** Exercise details **
From the records that follow, return exactly the lines beginning at the one that contains "Modern kitchen featuring" and ending at the one that contains "Span Suites & Villa Morjim Buitenkant foto", pictures left out.

═════ Data shown

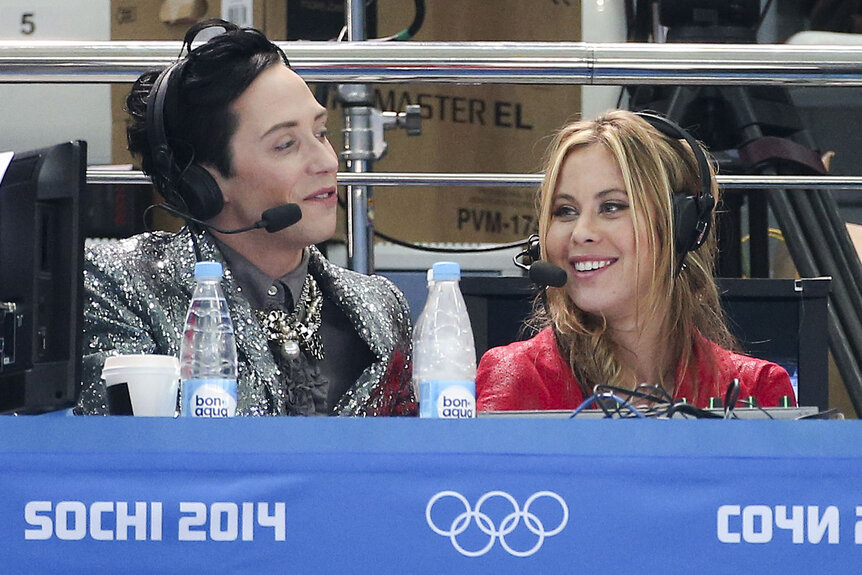 Tara Lipinski and Johnny Weir sitting and commentating at the 2014 Sochi Olympics.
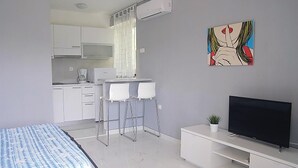 A modern bedroom with a bed, a TV, a desk with two chairs, a kitchenette, and a painting on the wall. - Nice studio in Rabac with house sea view (Rabac)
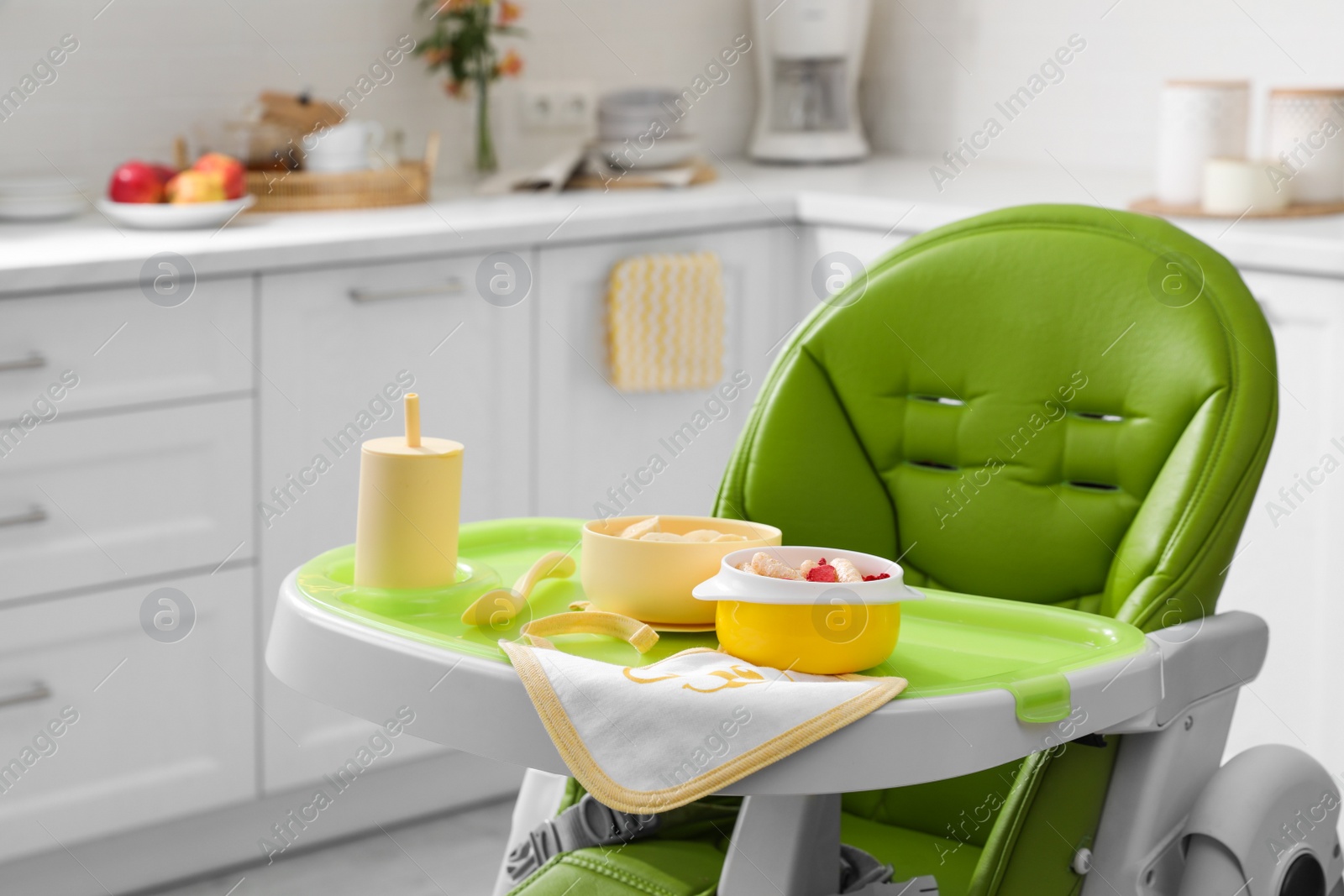 Photo of High chair with food in baby tableware on tray indoors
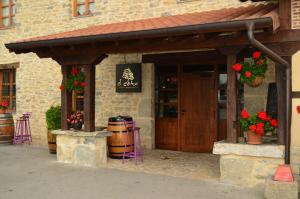 - un bâtiment avec une porte et des fleurs dans l'établissement El Coto Hotel Restaurante, à Vitoria-Gasteiz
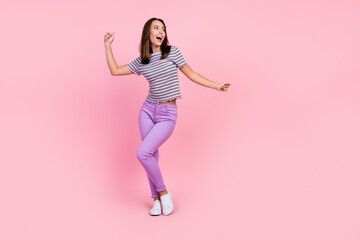 Fototapeta na wymiar Photo of cute charming young woman dressed striped clothes dancing smiling isolated pink color background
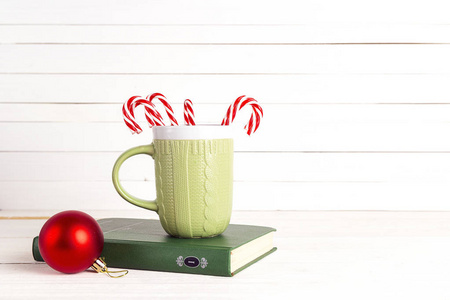 圣诞节庆祝与糖果藤和杯子在书在木头
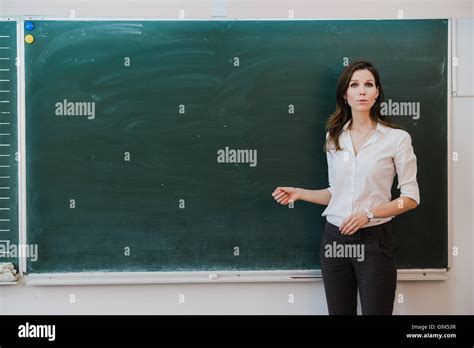 Woman Pointing Finger At Blank Board School Teacher Pointing The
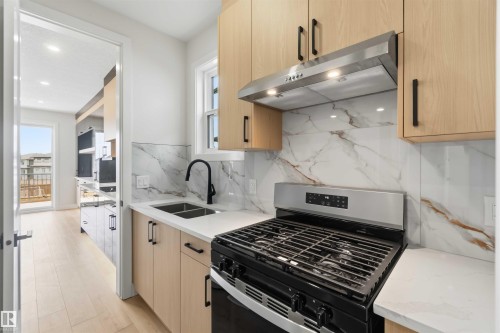 Modern kitchen featuring light wood-finish cabinetry, a stainless steel range with overhead ventilation, a dual basin sink with a matte black faucet, and a patterned backsplash with white countertops - 417 Pine Point(E), Leduc, AB - Indoor Photo Showing Kitchen With Double Sink With Upgraded Kitchen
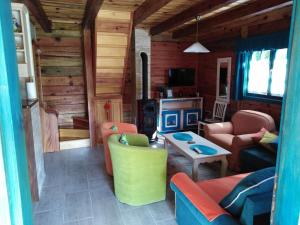 a living room with couches and a fireplace in a cabin at Apartment Bajka in Mokra Gora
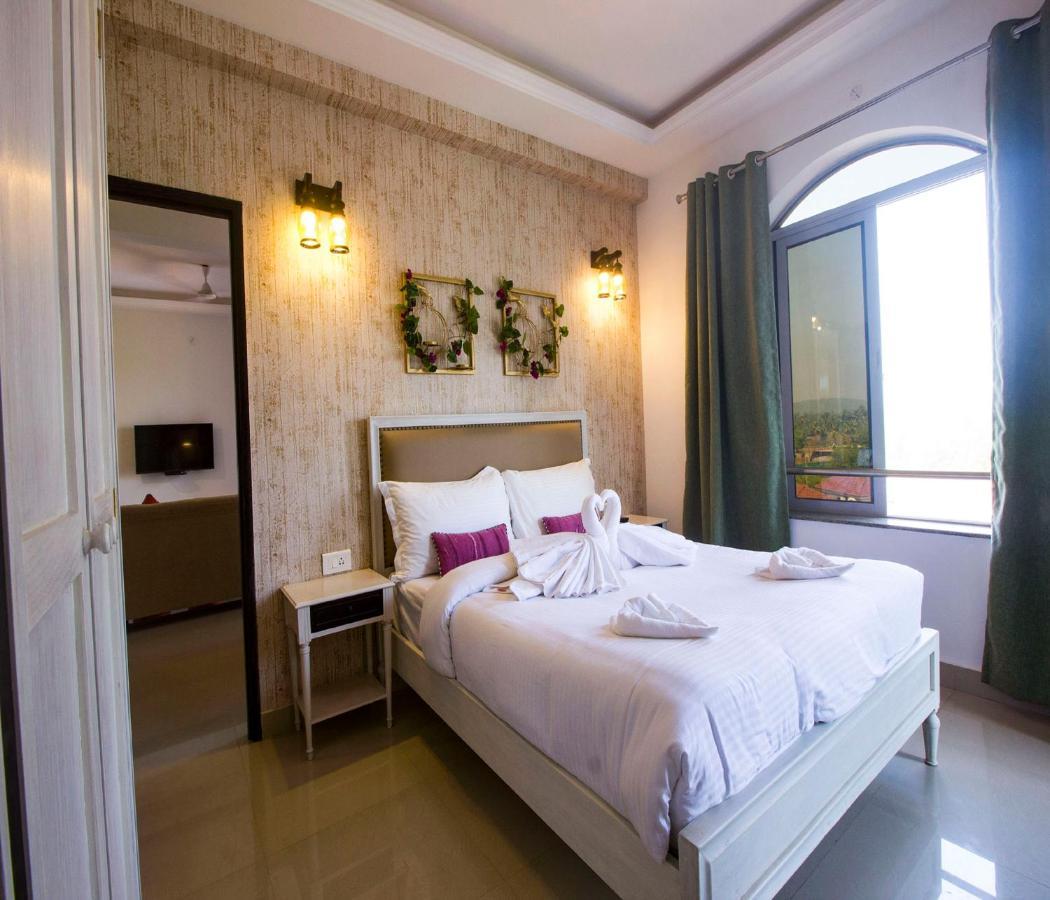 Span Suites & Villa Morjim Buitenkant foto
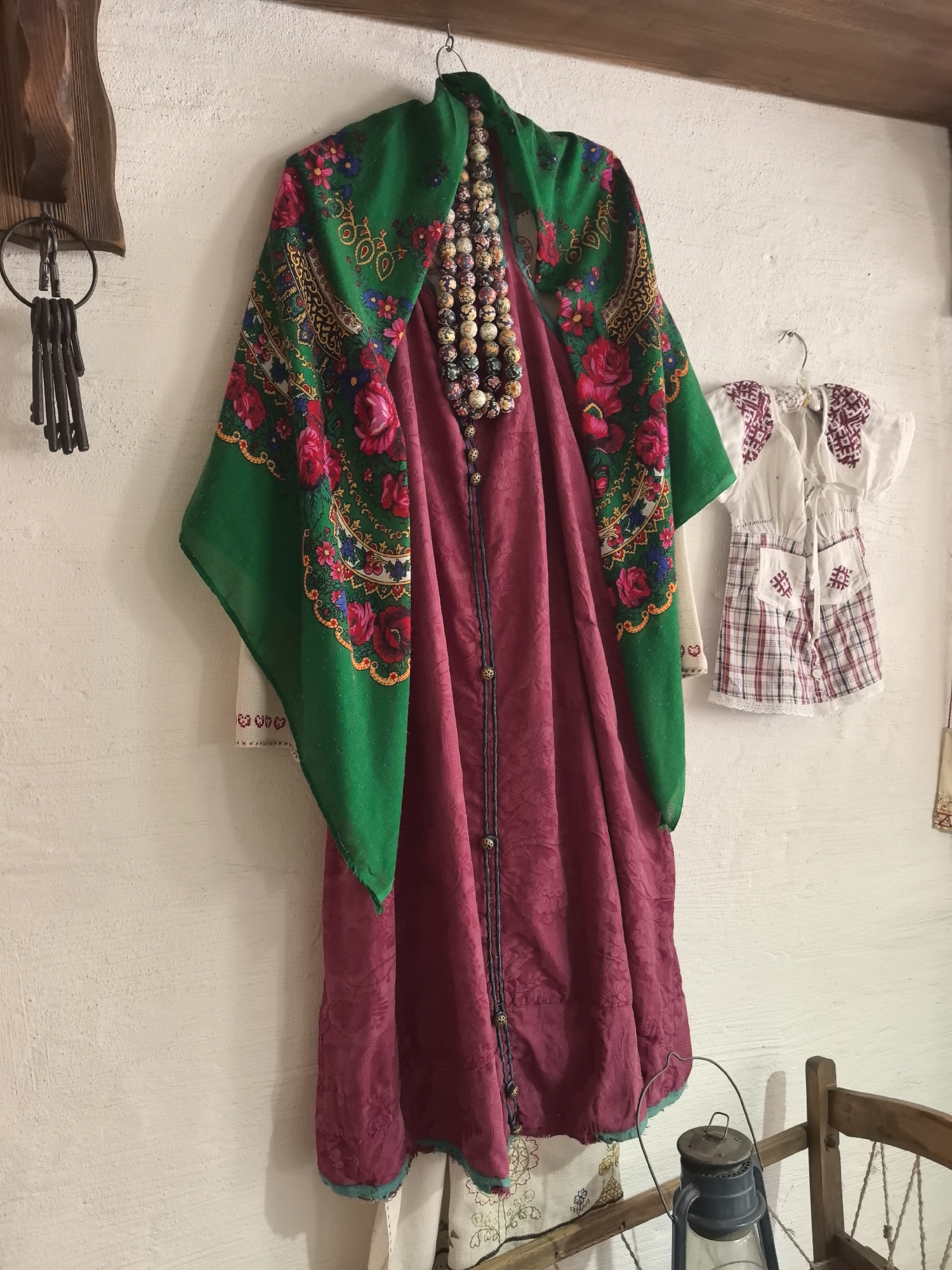 The photograph shows a collection of clothing and decorative items hanging on a white wall, likely indoors. On the left is a set of old keys hanging from a wooden mount. The main focus is a long, maroon or purplish-red garment, possibly a dress or robe, adorned with a necklace of colorful beads and covered with a floral green shawl with flowers and designs on it. To the right of this, hangs a child's dress with a white top and a plaid skirt with embroidered patches. A wooden beam runs along the top of the frame. A lantern is on a piece of furniture in the lower right of the frame. The objects suggest traditional clothing or folk art, possibly on display in a museum or a cultural center. The picture was taken in Russia, in Chaikovsky.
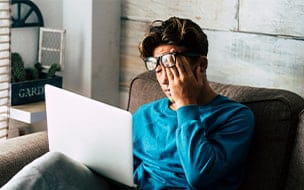 A tired teenager at home studying with a personal laptop computer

══════════

** Your solution **
 Modern kitchen featuring light wood-finish cabinetry, a stainless steel range with overhead ventilation, a dual basin sink with a matte black faucet, and a patterned backsplash with white countertops - 417 Pine Point(E), Leduc, AB - Indoor Photo Showing Kitchen With Double Sink With Upgraded Kitchen
 a living room with couches and a fireplace in a cabin at Apartment Bajka in Mokra Gora
 Span Suites & Villa Morjim Buitenkant foto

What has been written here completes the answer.